-- Problem to work on --
A word-for-word copy of the lines from the one holding "2 x Swanson Aquamin Sea Minerals - 60 vcaps" through the final line of the records below is the only output asked for.

-- Available data --
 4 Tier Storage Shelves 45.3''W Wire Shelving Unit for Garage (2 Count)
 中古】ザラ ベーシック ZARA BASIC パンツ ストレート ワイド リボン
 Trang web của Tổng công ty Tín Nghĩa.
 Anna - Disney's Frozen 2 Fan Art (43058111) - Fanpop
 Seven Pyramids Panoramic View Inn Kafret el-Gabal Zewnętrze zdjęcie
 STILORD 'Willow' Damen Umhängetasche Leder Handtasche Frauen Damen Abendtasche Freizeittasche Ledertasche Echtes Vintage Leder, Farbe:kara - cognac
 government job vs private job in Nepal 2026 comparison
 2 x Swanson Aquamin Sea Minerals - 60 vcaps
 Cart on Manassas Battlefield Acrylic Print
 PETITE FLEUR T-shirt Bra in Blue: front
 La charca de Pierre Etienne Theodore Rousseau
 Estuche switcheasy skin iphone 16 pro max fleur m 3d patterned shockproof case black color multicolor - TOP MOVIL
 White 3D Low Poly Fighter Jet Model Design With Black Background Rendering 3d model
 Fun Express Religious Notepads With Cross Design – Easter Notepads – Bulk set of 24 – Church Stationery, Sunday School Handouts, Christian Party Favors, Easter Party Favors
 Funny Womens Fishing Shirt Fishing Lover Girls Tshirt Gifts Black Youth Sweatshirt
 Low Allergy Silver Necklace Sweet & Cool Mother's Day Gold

-- Your response --
 2 x Swanson Aquamin Sea Minerals - 60 vcaps
 Cart on Manassas Battlefield Acrylic Print
 PETITE FLEUR T-shirt Bra in Blue: front
 La charca de Pierre Etienne Theodore Rousseau
 Estuche switcheasy skin iphone 16 pro max fleur m 3d patterned shockproof case black color multicolor - TOP MOVIL
 White 3D Low Poly Fighter Jet Model Design With Black Background Rendering 3d model
 Fun Express Religious Notepads With Cross Design – Easter Notepads – Bulk set of 24 – Church Stationery, Sunday School Handouts, Christian Party Favors, Easter Party Favors
 Funny Womens Fishing Shirt Fishing Lover Girls Tshirt Gifts Black Youth Sweatshirt
 Low Allergy Silver Necklace Sweet & Cool Mother's Day Gold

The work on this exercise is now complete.